What's the point of her laying there and letting you do it if she won't enjoy it, or get any pleasure from it? I guess she could just let you do it as foreplay or something, if that's what you mean?


----------



## BetrayedDad (Aug 8, 2013)

MANY women are just self conscious about their lady area or they don't like the "spot light" on them. 

At least in my experience. I get them off a lot easier with my hand anyway. Don't take it personal, it's very common.


----------



## BobSimmons (Mar 2, 2013)

Simple Dude said:


> Hello, Trying to understand this, My wife slowly has remove herself from receiving oral sex over the yrs. It happened in a way that I didn't pay much attention to it until it completely stop as time went on I would suggest it and the answer has always became no way. I have tried to be cool with it and talk about my desires but she clearly is not into it. We have a wonderful relationship and a balanced sex life most the time.I understand her wishes and honor her feelings.But how and why could she not just let it happen and let go even if she is not into it. Whats it really going to hurt. If she is not into it then don't be.Just lay there and not enjoy it. If things were reversed and she wanted to do it to me and I didn't like it I think I could just do it for her.Maybe its a female issue??


Expand please. 

Does she give you oral?

Is her area a strict no go with tongue, mouth or hands?

Is it too sensitive? What's the reason she's given you for not allowing you down there?

She must have done it at first, did she seem to enjoy it then?

Has something traumatic happened in the subsequent years?

Infidelity on either side?


----------



## PhillyGuy13 (Nov 29, 2013)

If I could, I would do it every night. However as posted above, unless my wife is freshly showered, shaved and whatever else she feels she needs to do, she doesn't let me. 

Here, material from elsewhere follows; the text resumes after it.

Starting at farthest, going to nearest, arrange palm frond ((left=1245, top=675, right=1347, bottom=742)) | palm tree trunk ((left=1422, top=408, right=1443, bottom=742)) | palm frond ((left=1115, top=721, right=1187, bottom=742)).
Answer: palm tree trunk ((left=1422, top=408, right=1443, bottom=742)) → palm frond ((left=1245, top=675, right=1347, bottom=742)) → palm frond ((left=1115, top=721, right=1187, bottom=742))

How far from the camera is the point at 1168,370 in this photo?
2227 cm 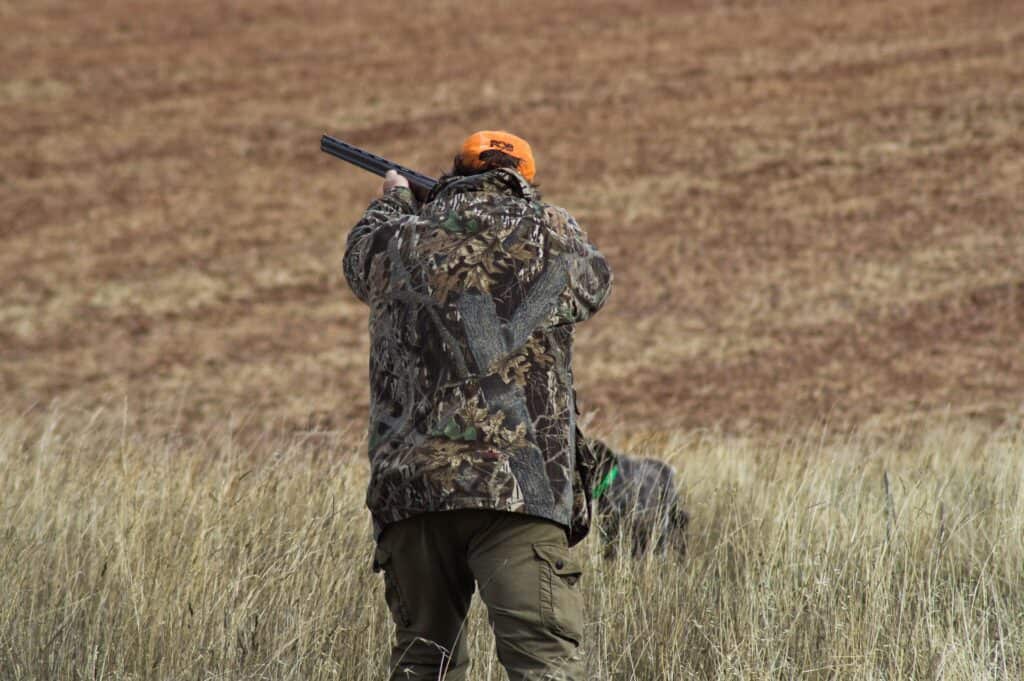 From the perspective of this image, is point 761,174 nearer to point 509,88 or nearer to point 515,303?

You post why doesn't she just lie there and let me do it even if she doesn't enjoy it? I don't think this is a productive attitude to have. Personally if my wife didn't enjoy it, then it would cut down significantly on how much **I** enjoy doing it.

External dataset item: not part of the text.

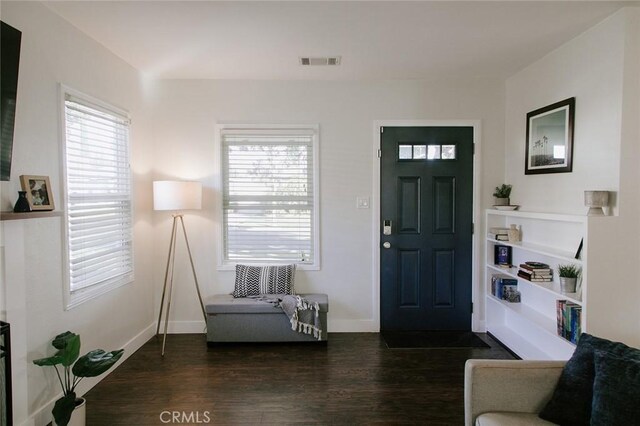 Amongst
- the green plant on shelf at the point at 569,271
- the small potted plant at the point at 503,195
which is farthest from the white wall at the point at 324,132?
the green plant on shelf at the point at 569,271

Had you tried putting the bug in her head? Like in the morning before leaving for work, tell her you want to do XYZ tonight. Give her time to prep.


----------



## Anon Pink (Jan 17, 2013)

Simple Dude said:


> Hello, Trying to understand this, My wife slowly has remove herself from receiving oral sex over the yrs. It happened in a way that I didn't pay much attention to it until it completely stop as time went on I would suggest it and the answer has always became no way. I have tried to be cool with it and talk about my desires but she clearly is not into it. We have a wonderful relationship and a balanced sex life most the time.I understand her wishes and honor her feelings.But how and why could she not just let it happen and let go even if she is not into it. Whats it really going to hurt. If she is not into it then don't be.Just lay there and not enjoy it. If things were reversed and she wanted to do it to me and I didn't like it I think I could just do it for her.Maybe its a female issue??

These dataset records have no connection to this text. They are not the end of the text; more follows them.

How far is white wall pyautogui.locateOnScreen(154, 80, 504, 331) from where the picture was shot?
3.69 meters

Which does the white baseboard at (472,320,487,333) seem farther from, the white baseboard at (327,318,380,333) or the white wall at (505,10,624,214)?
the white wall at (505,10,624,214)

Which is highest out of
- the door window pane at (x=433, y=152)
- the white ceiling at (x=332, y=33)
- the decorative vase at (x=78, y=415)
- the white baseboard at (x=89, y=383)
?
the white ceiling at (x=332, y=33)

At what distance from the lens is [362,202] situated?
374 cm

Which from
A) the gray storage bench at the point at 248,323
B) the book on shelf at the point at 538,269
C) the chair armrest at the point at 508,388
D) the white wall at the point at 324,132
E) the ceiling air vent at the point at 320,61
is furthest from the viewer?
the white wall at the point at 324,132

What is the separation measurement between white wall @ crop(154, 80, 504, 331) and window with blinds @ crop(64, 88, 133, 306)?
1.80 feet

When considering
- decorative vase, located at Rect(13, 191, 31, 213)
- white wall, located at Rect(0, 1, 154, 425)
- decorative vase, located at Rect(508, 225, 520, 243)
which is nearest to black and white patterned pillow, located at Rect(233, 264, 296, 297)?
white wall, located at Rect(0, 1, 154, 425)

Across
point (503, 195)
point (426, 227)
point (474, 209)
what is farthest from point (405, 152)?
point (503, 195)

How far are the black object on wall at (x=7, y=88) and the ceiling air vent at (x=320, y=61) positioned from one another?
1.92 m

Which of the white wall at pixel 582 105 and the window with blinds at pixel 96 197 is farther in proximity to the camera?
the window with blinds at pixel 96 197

You really won't understand until you get answers from her.

Some women just aren't into it.
Some men, I'm told, aren't very good at it.

My bet is that she was never really into it but allowed it because she felt like she was expected to enjoy it. Once she felt certain she just doesn't enjoy it, why would she have to consent to it?

Do you feel like she should consent to it to please you? I'm not suggesting that would be wrong, but if that is how you feel, have you told her? Have you told her that you love being there, love her scent and her taste and that it turns you on? If you haven't said those things, why not?


----------



## arbitrator (Feb 13, 2012)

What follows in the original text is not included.